I admire your interest, and although it's hard to guage how skilled you will be at it, it'll be interesting to see how it goes.
I don't have the time myself, but have you read about how 'Through the looking glass' relates to chess? It's quite interesting.
I'd advise picking a well-known game, with an obvious progression, so you have a clear framework to go from. Good luck!
(I'm a writer and a coach on chess.com - feel free to message me if you'd like a free coaching game :)
It was either this subforum or the 'Fun With Chess' subforum and while this has to DO with Chess Stories, it isn't actually one yet. So I don't know if it belongs in a forum for jokes and stories yet.
It's pretty fun though.
For me, anyway.
Anyway the point of this is that I am trying to write a bit of a story about chess. A young nomad boy from a river barge, and an elf girl from the Barrow Downs—vast, unsettled fields, dotted with tombs older than history—discover that they are the red king and queen in an abstract 'chess game' for the known world that has been stalled for over a thousand years, ever since the last red king and queen disappeared with no explanation.
Meanwhile the white king and queen reign from the Ivory City, and for all intents and purposes it is a wonderful and just reign, and they are beloved by all their subjects, who have all managed, with staggering oversight, never to reflect on just what it is ivory is made out of.
I have always loved chess but I have had absolutely no-one to play it with and only discovered this site today, and while I could spend a year or two brushing up on chess before I write the story I was wondering if there was some way I could reach out to this community to find sort of a 'chess consultant'. Someone who likes chess and who likes rather extended sojourns through literature and whom I could email from time to time.

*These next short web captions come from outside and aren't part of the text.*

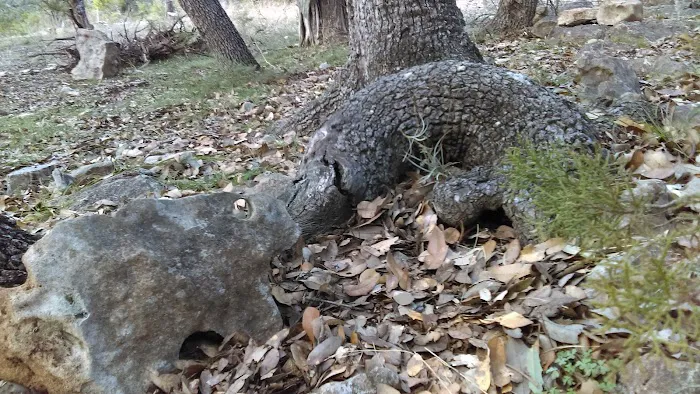 Canyon Lake Rv Park Picture 5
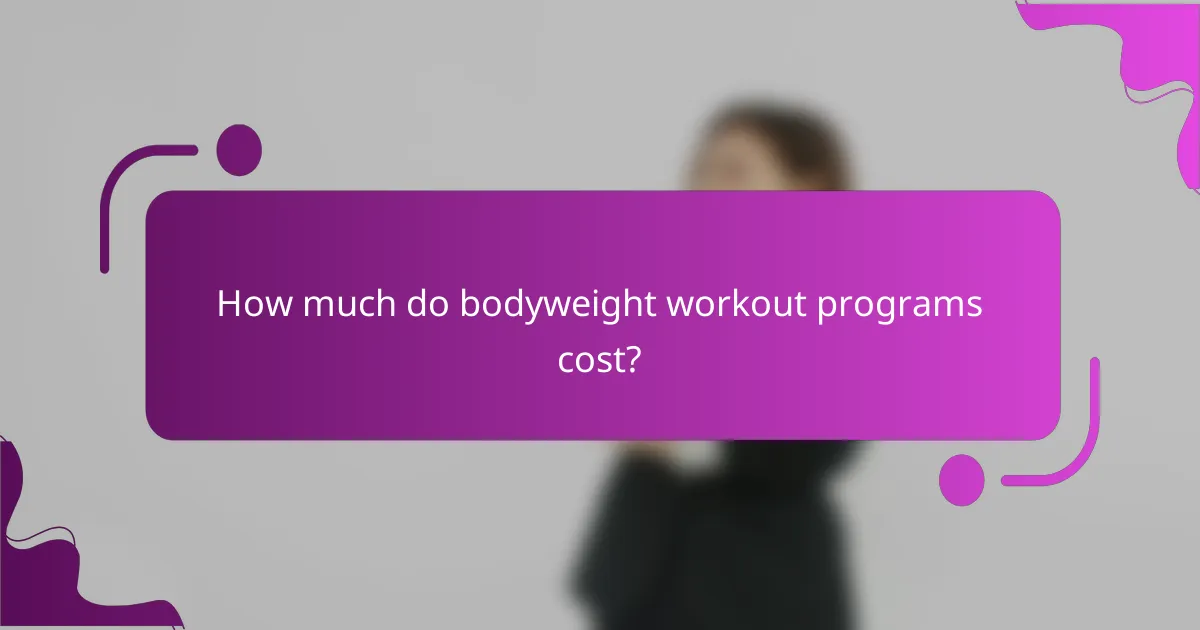 How much do bodyweight workout programs cost?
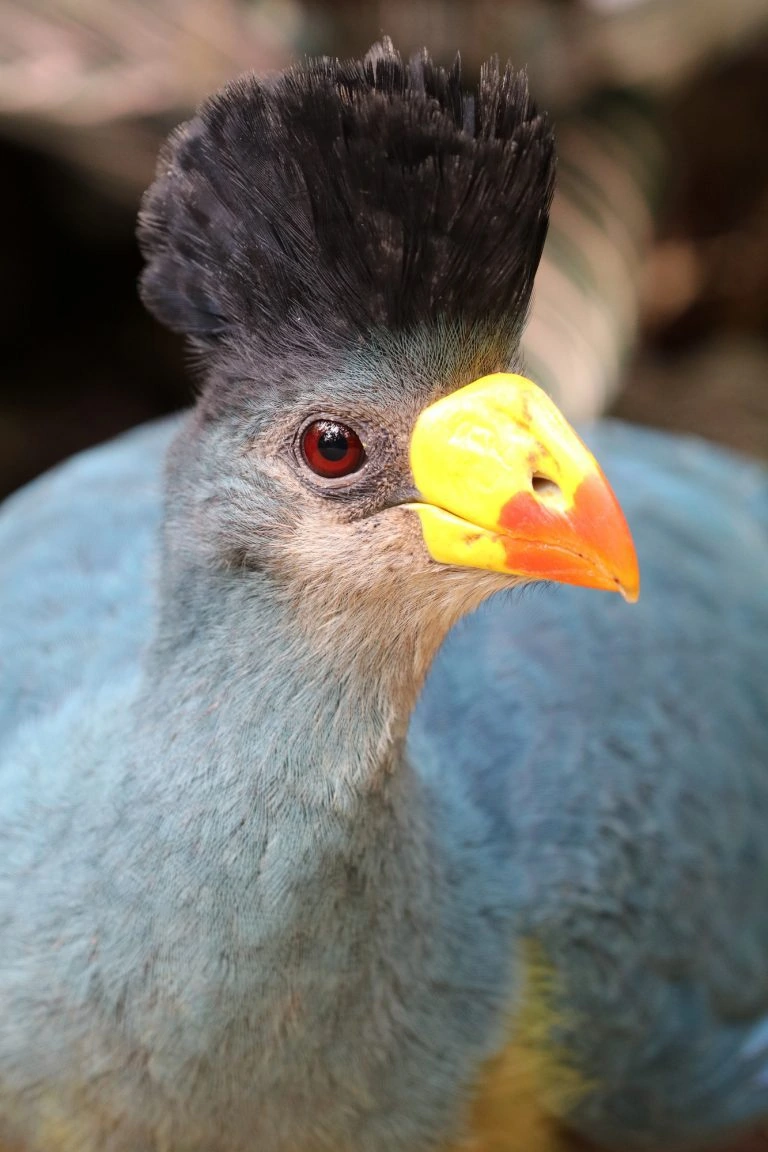 30 Birds With Hair You Need To See To Believe 30 Birds With Hair You Need To See To Believe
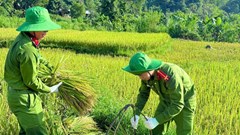 Xúc động màu áo công an xuống đồng giúp dân chạy mùa giữa nắng gắt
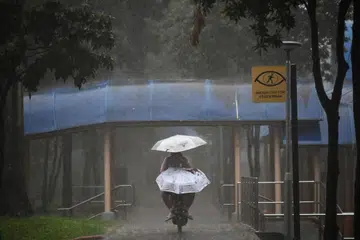 Hujan yang sangat lebat telah menyebabkan beberapa kawasan di Singapura mengalami banjir kilat pada November 16 dan 17.Cuaca hujan lebat ini dijangka akan berterusan akibat musim tengkujuh pada November 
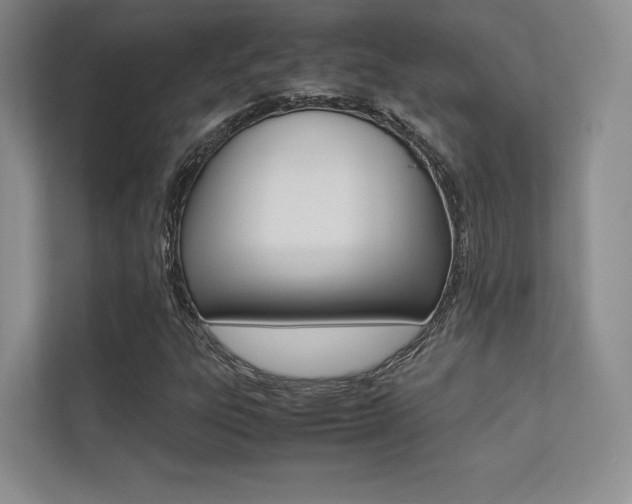 X0000113241303200909100915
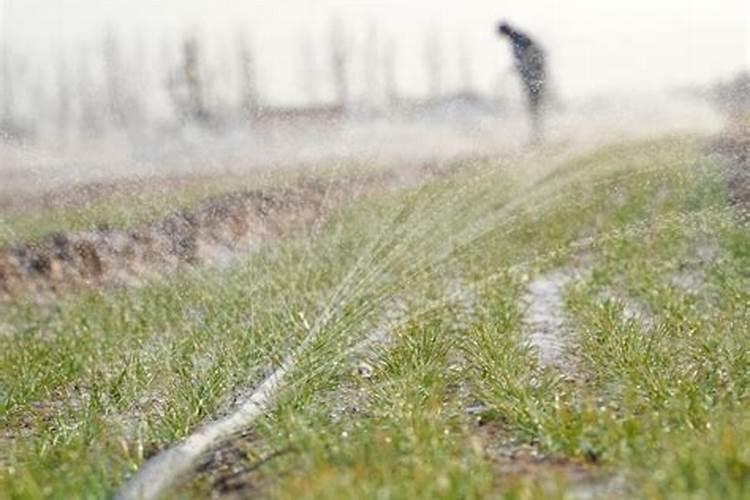 小麦冬前喷什么叶面肥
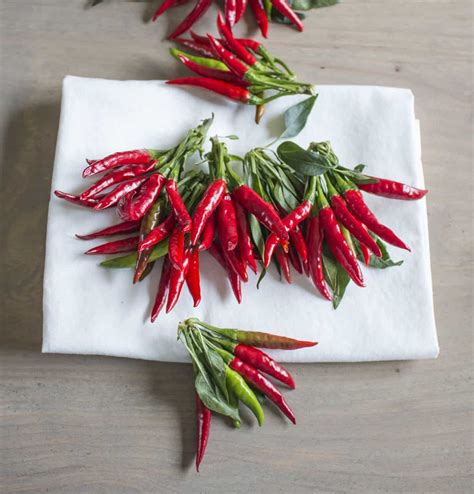 Thai Pepper: Many Types and Heat Levels - Chili Pepper Madness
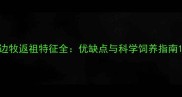 边牧返祖特征全优缺点与科学饲养指南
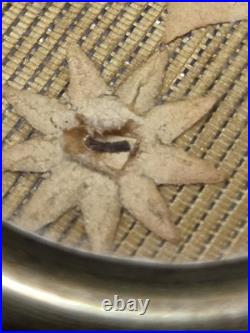 Antique Official Sealed Catholic Religious Relic of Saint Francis Of Borgia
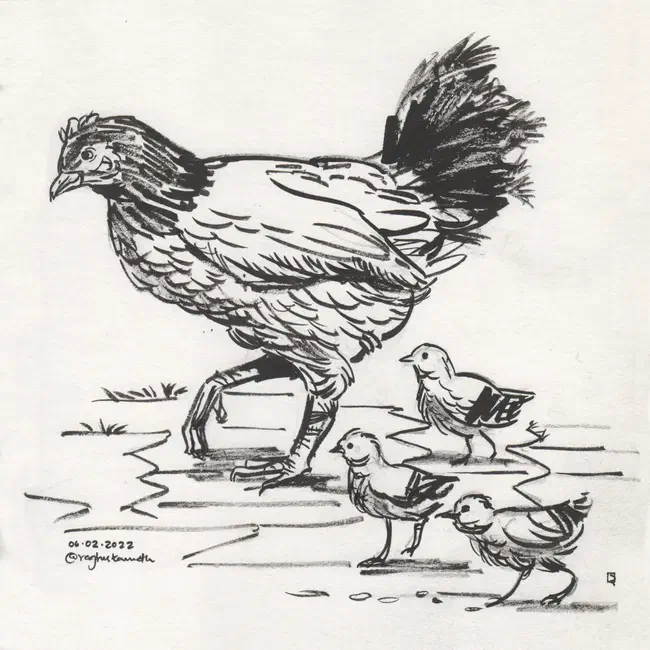 hen
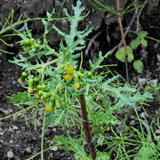 Senecio vulgaris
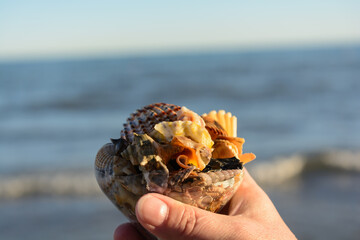 Hand Holding Colorful Shells Collected In The Hand - Depth Of Field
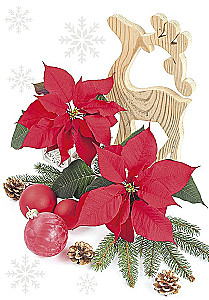 Christmas greeting card (mini)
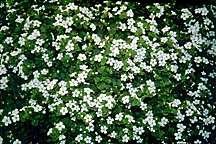 All_plants_sutera_snowflake_bacopa-1.detail
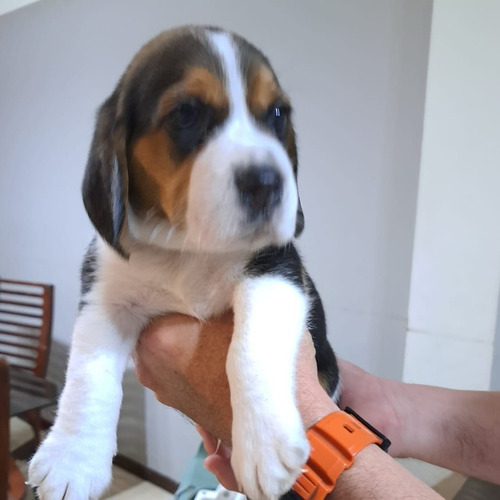 Tenemos Lindos Cachorros Beagle, Ya Vacunados Y Listos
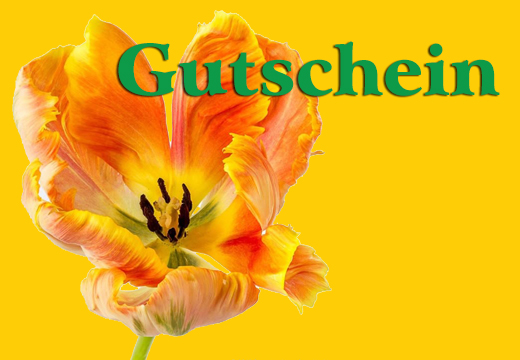 Gutschein verschenken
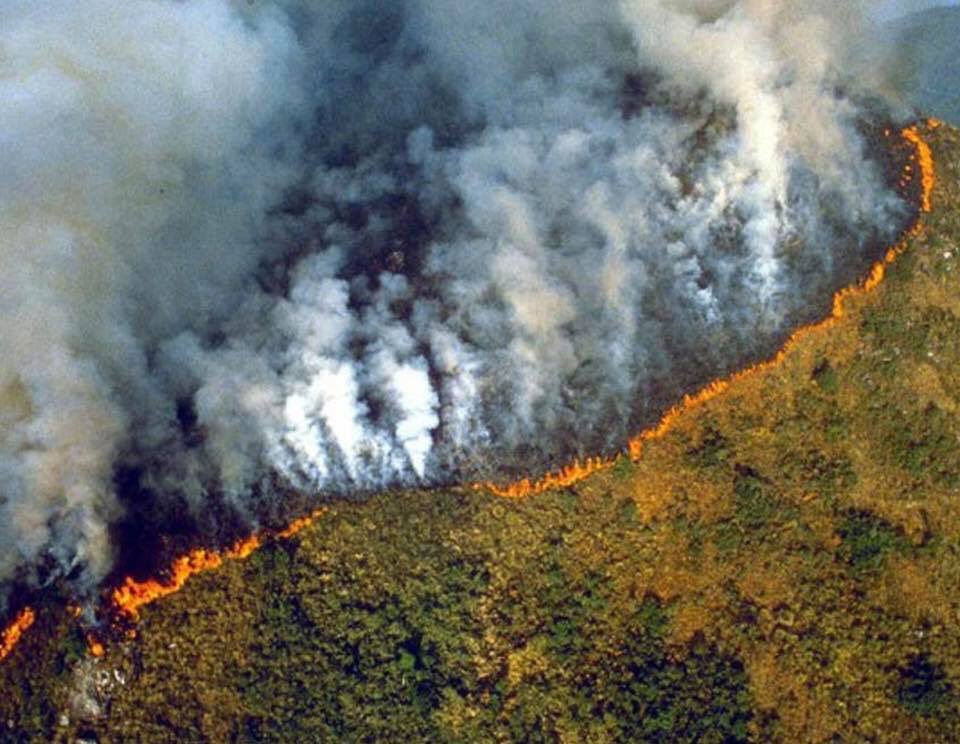 ConTravelAddict's tweet image. It was all over the media 😡 
#globalwarmingisreal #amazonforestfire #climatechange #prayforamazonia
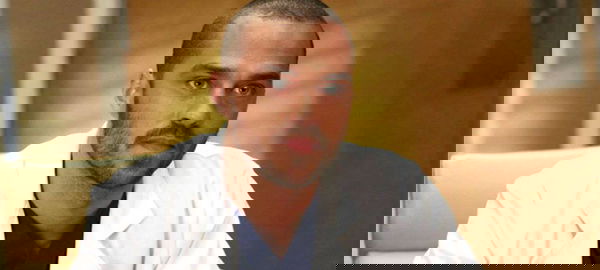 Grey’s Anatomy 14, Jesse Williams: “I Japril dureranno per sempre”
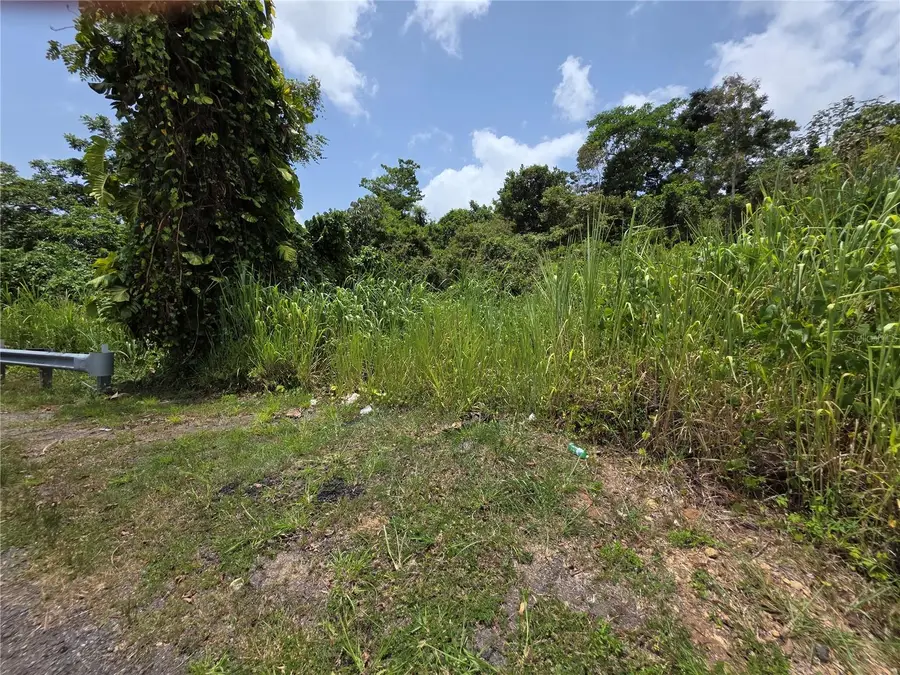 Carr-137, Morovis, PR 00687 - Image #3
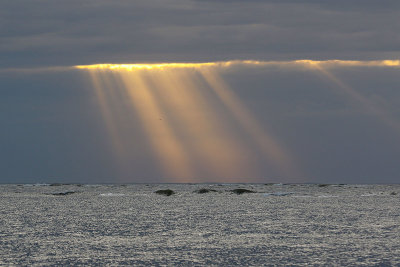 EE5A5821 Cloudy Sunrise.jpg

I would like to see if it's at all possible to a. construct a fairly complete mythology based roughly around the idea of chess and b. to create a crude simulacrum of the story in game form and vice versa, so the movement of the two kids and all the other characters turns out to be—at least until the endgame—a playable chess game.
Is there anyone out there who could see their way around to being hassled for about an hour every week by a ignorant and heathen author with pretensions of being a chess enthusiast?